Hands on: Database values

Discover how to overcome problems when you don’t know what value to enter

Ironically, one of the more challenging database problems is not what to do with the data, it’s what we do when we don’t have the data.

Suppose we have a field that is designed to store the number of children for each customer. We set it up as an integer field and start entering data.

When we reach David we realise that we simply don’t know the answer. The immediate temptation is to enter 0 (see attached picture).

The problem is that zero is a number just like 1, 2 or 3. In this case, since we don’t know how many children David has, entering zero is likely to be as inaccurate as entering any of those other values.

Indeed, if we run a query to find the average number of children for our customers we can see that zero is a bad entry. We have six customers for whom we have data. They have 12 children between them, so the average is 2.0 but given this table we get an answer of 12/7 = 1.7.

To cope with this kind of problem, the database world invented the ‘null’ value. If we don’t enter a number here (or delete the zero), then Access enters a null value. A null means, in essence: ‘We don’t know what this value is.’Databases do not treat nulls in the same way as other values. By which I mean, for example, that if we run the query again, Access notices that although we have seven rows of data we only have six values. So it divides the total (12) by the number of non-null values (6) and comes up with the correct answer.

Up, up and away
Upsizing is the gentle art of moving a database from one database engine to another, usually a client-server system. I recently looked at two upsizing tools, SSMA from Microsoft and Must from ASC Associates. Both are useful to have when upsizing from Access to SQL Server, but it is important to realise that no matter how good the upsizing tool, you need to have your brain switched on during the operation. The reason is that databases often have, encoded in their structure, the interaction between the problem we are trying to solve and the features of that particular database engine. An example may help to make this, admittedly somewhat abstract, point clearer.

The problem
You need different people, in different locations, to enter data into an Access database, so you give each person a different copy of the database.
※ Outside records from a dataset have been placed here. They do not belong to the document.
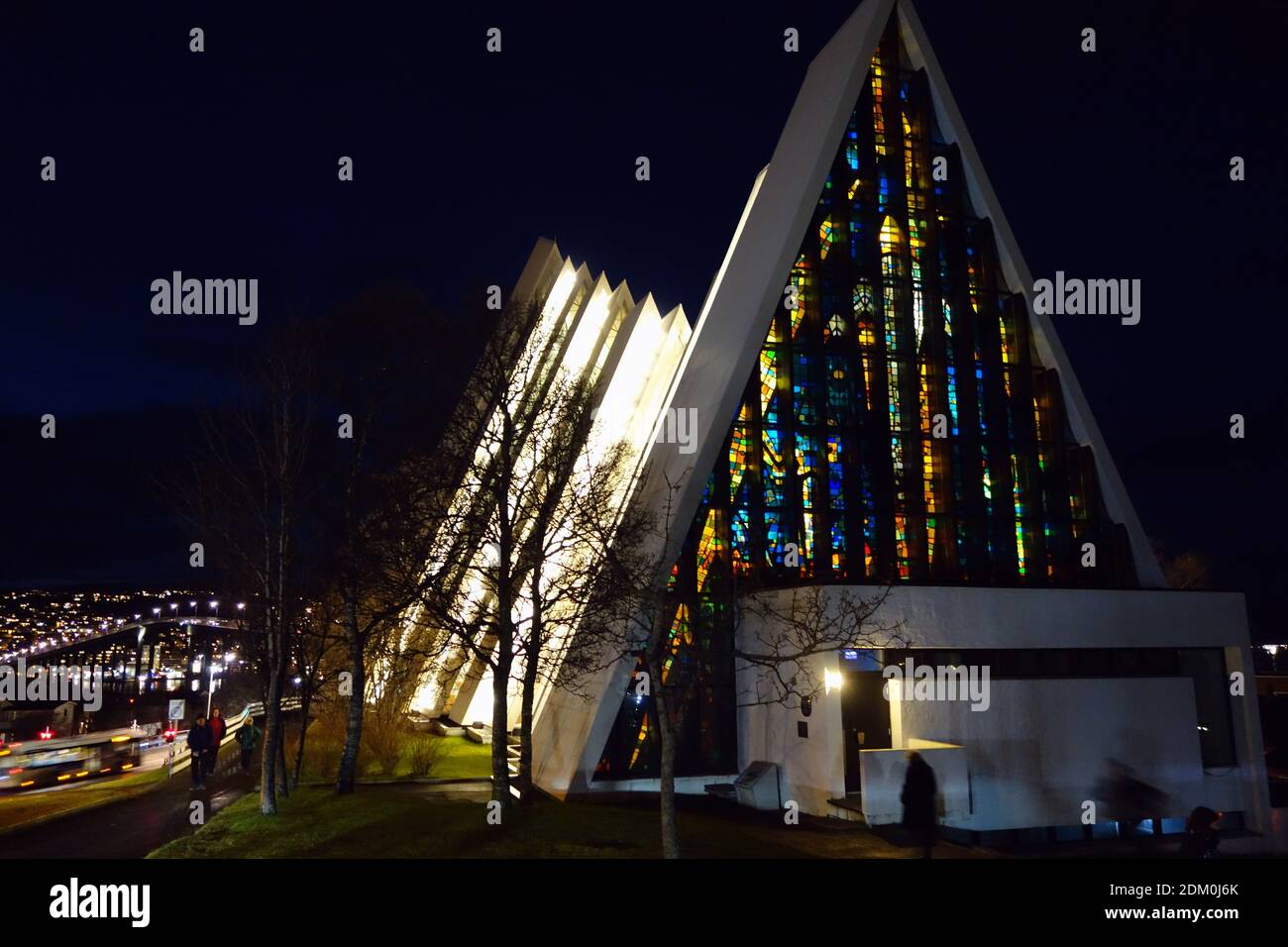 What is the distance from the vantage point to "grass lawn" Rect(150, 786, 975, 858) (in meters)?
13.9

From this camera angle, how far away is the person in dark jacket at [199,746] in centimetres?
2097

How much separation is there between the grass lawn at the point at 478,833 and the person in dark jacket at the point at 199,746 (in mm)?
2762

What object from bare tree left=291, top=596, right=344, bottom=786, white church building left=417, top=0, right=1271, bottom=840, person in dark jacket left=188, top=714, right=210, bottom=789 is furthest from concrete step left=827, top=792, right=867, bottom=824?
person in dark jacket left=188, top=714, right=210, bottom=789

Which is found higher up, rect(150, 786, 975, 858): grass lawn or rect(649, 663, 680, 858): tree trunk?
rect(649, 663, 680, 858): tree trunk

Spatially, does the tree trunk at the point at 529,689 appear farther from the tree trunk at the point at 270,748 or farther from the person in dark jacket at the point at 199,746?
the person in dark jacket at the point at 199,746

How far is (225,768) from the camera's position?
25375mm

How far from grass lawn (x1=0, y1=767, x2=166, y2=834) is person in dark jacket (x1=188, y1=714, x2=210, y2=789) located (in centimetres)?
139

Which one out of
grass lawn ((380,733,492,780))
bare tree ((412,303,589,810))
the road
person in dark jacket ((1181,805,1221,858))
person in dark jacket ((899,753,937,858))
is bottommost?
grass lawn ((380,733,492,780))

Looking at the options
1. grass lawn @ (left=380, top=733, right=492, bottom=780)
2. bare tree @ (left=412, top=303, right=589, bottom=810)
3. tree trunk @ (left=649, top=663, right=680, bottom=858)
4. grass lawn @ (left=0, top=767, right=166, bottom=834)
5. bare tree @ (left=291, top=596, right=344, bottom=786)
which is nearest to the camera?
tree trunk @ (left=649, top=663, right=680, bottom=858)

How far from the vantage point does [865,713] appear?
20.1 m

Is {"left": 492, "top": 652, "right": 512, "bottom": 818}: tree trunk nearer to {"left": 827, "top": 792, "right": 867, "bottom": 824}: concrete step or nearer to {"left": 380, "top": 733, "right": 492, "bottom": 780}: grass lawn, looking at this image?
{"left": 380, "top": 733, "right": 492, "bottom": 780}: grass lawn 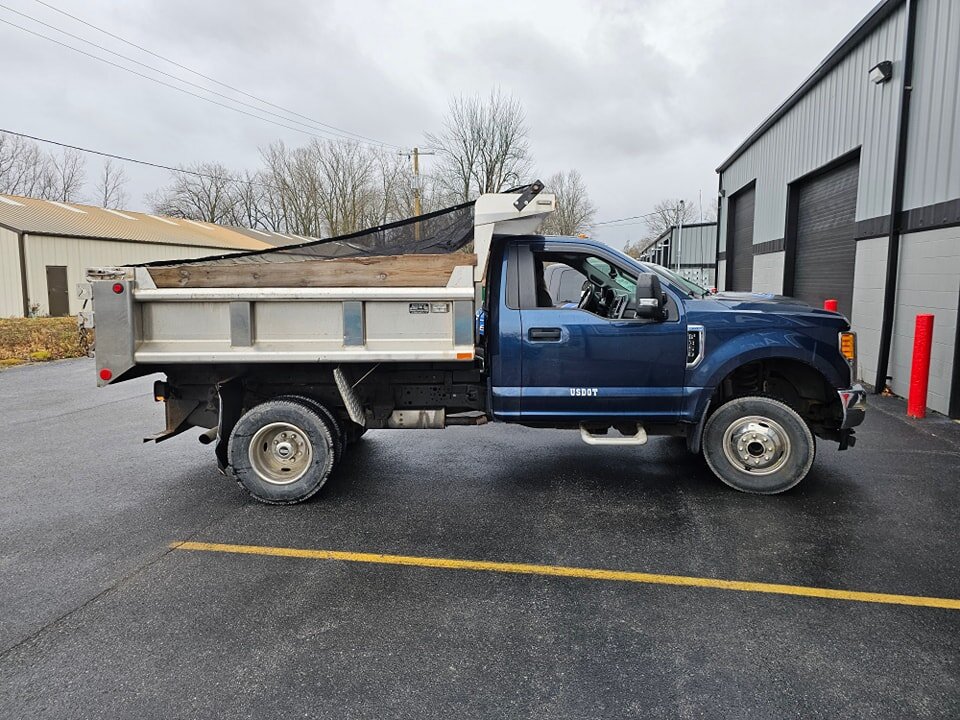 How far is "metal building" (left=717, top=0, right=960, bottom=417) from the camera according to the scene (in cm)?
831

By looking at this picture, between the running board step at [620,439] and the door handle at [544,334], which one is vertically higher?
the door handle at [544,334]

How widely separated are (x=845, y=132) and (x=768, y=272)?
5272 millimetres

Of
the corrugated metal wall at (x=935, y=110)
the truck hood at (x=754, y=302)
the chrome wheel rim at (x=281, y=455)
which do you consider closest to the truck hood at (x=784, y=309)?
the truck hood at (x=754, y=302)

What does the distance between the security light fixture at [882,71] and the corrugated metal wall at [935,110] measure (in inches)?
17.8

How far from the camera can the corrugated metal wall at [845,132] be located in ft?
32.2

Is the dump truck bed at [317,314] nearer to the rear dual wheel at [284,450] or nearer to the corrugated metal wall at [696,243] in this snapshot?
the rear dual wheel at [284,450]

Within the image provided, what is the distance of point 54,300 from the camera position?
2673 cm

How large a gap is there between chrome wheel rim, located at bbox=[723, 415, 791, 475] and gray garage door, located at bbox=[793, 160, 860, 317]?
300 inches

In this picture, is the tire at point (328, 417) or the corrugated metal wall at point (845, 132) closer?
the tire at point (328, 417)

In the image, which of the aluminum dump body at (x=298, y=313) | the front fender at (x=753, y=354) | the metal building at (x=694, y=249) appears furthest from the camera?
the metal building at (x=694, y=249)

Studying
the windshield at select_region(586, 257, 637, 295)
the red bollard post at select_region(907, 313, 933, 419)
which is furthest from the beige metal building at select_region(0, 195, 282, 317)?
the red bollard post at select_region(907, 313, 933, 419)

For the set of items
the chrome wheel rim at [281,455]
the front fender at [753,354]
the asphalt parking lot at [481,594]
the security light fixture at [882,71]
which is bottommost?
the asphalt parking lot at [481,594]

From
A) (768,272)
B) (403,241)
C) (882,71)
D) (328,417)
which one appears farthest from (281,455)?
(768,272)

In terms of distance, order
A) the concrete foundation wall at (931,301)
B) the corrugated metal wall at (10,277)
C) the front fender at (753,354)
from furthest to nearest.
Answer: the corrugated metal wall at (10,277) < the concrete foundation wall at (931,301) < the front fender at (753,354) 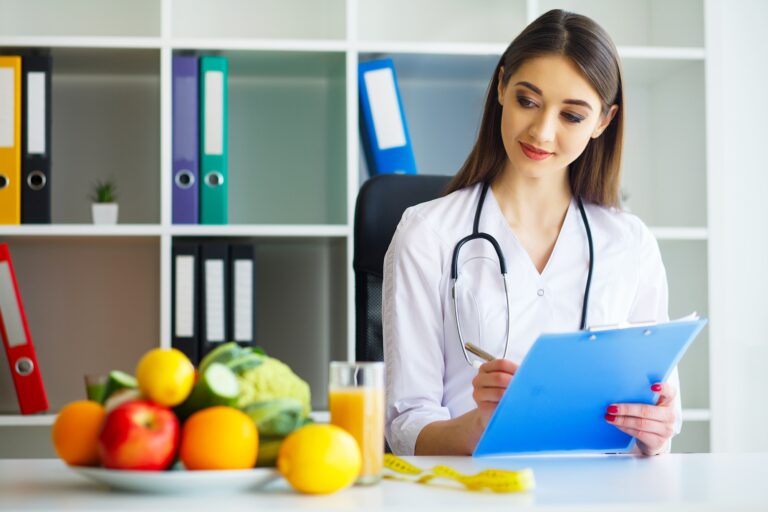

You will consolidate the data later into one database. Each new record needs a primary key value that is guaranteed to be unique, but how can you guarantee uniqueness when they are all using different copies of the database?

The solution
Access can generate GUIDs (Global Unique Identifiers). These were mentioned in the October column: usually implemented as Autonumber fields and used as primary keys, GUIDs are unwieldy strings with a very high probability of uniqueness.